I ended up adding a simple [JSON configuration structure (https://github.com/unicode-org/icu-remunge-svndump/blob/master/icureloc.json) that would do three things:

create /trunk, /branches, /tags in revision r1 where we should have created them.
make sure the future attempts to create those dirs gets ignored - by changing add to change (no-op property change).
run all paths through some regexes to fix the paths up just right.

{
    "map": [
        [ "^(icu4j|tools)\\/(trunk)\\/(.+)$", "\"$2\\/$1\\/$3\""],
        [ "^(icu4j|tools)\\/(trunk)$", "\"$2\\/$1\""],
        [ "^(icu)\\/(trunk)\\/(.+)$", "\"$2\\/icu4c\\/$3\""],
        [ "^(icu)\\/(trunk)$", "\"$2\\/icu4c\""],
        [ "^(icu|icu4j|tools)\\/(tags|branches)\\/(.*)$", "\"$2\\/$1-$3\""]
    ],
    "r1": {
        "mkdir": [
            "/trunk",
            "/branches",
            "/tags"
        ]
    }
}

In the end, it worked. A few bugs remained: branches and tags pre/post merge aren't quite where we want them. But the bulk of the svn history is kept.

JIRA and, bugs everywhere.

Given the above restrictions, I created a new node.js tool, https://github.com/unicode-org/icu-trac2jira to migrate a trac .sqlite3 dump to a JIRA database— by using the REST API. With a minimum of configuration it is able to map all of the fields, wiki syntax, and attachments needed to preserve our issue history. It's not perfect, and there's work to be done to fix some of the values, but I think it got the job done as far as initial migration.

The interesting thing, process-wise, is that I ended up with something that could run incrementally to update JIRA to match trac. So as there was feedback on errors in the wiki syntax conversion, I could re-run the tool over a subset of the tickets and it would either update a ticket, comment, etc. or cause no change depending on whether JIRA matched the expected results.

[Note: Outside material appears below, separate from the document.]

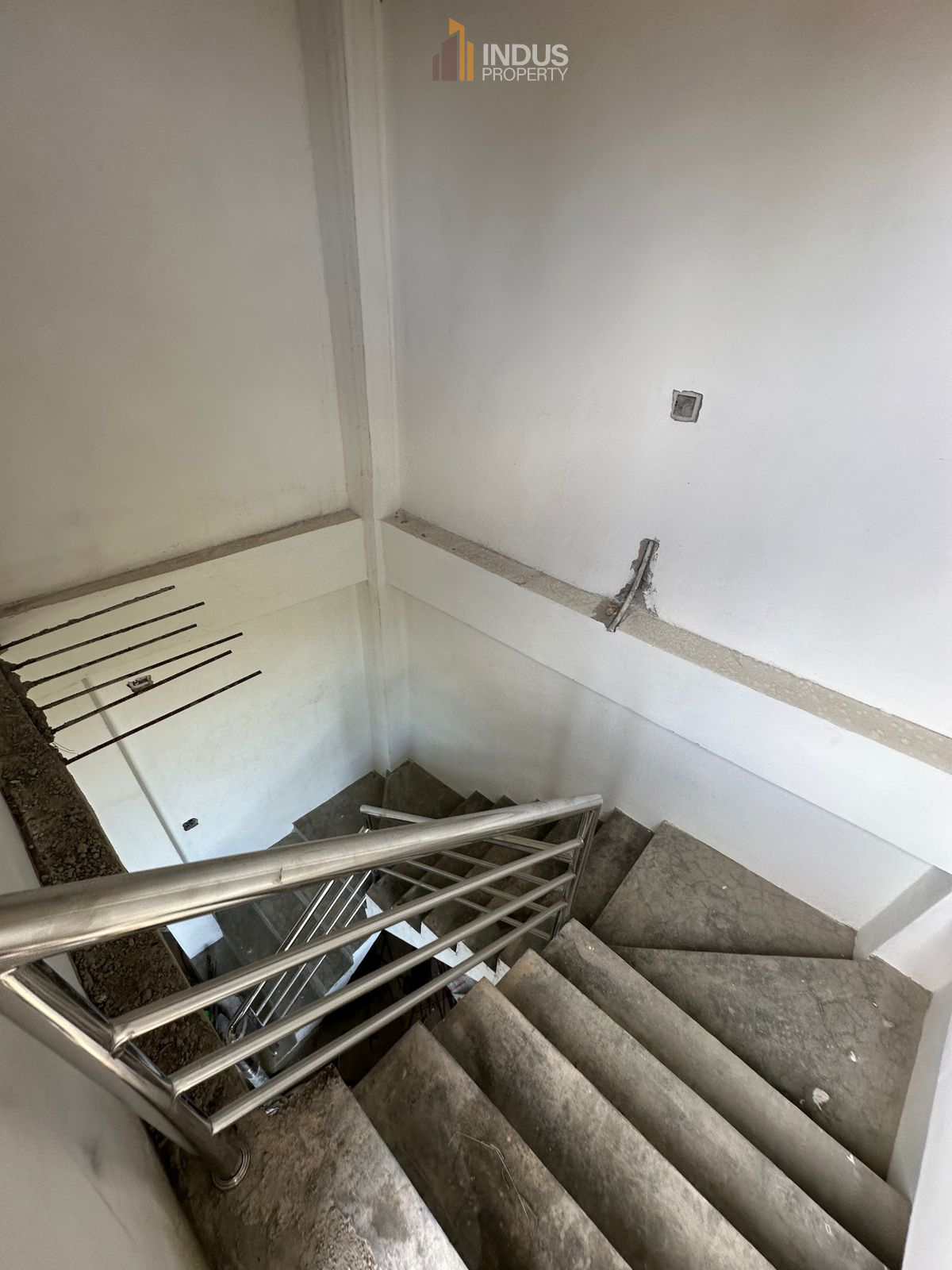 property-image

A separate script created 20,000 empty tickets in a block, before running this converter. This allowed us to keep the same ticket IDs between trac and jira.

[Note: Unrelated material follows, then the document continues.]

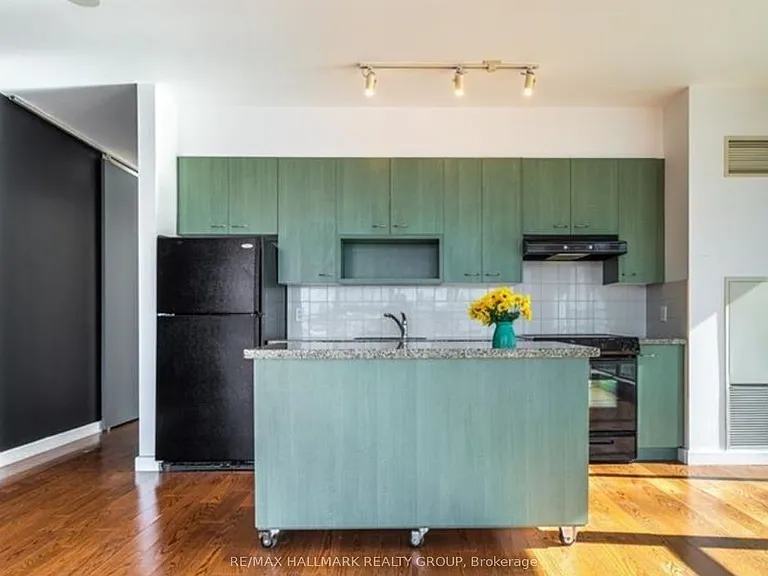 179 George St #1006 — Photo 7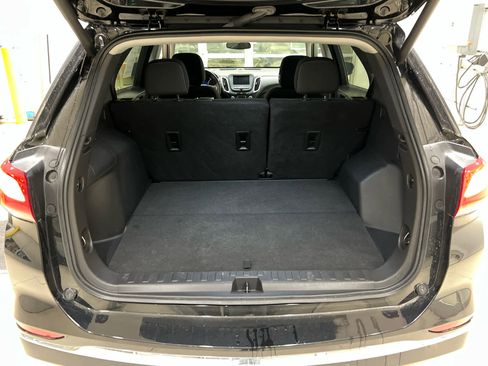 Used 2021 Chevrolet Equinox LT image 14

Haven’t we done this before?

http://icu-project.org was already the third external web host for ICU, after jtcsv.com (2001 mirror) and oss.software.ibm.com/icu (2004 mirror).

In 2006 I migrated ICU from cvs and JitterBug to svn and trac. So yes, we've done this before!

JitterBug (which I also customized extensively and added new report CGIs to) had a very simple hierarchical file structure which was very hackable. Since trac used a sqlite database, I wrote source to read this file structure and emit SQL to recreate the bugs in the new form.

// jb2svn.c
    switch(tolower(s[0])) {
    case '[': return "";
    case 'a': return "assess"; // @@ assess?
    case 'c': 
        switch(tolower(s[1])) {
                case 'r': return "critical";
                case 'o': return "critical"; // @@ Committed?
                default: return def?def:s;
        }break;
    case 'e': return "major"; // expected
    case 'm': return "minor"; // medium
    case 'l': return "trivial"; // medium
    case 'h': return "major"; // high

An oddity of that conversion is that I sort of punted on converting the date fields at all. Maybe there either wasn't a ticket-creation time, or the files had all been re-touched at some point. Or maybe it was just… laziness. Or whatever the other two are (I'd have to look it up).

Of course, our conversion process faithfully preserves this history. I think 1970-01-01T00:00:28.000Z is due to wanting a unique timestamp for some reason, thus (epoch time + 1 second per bug)-ish?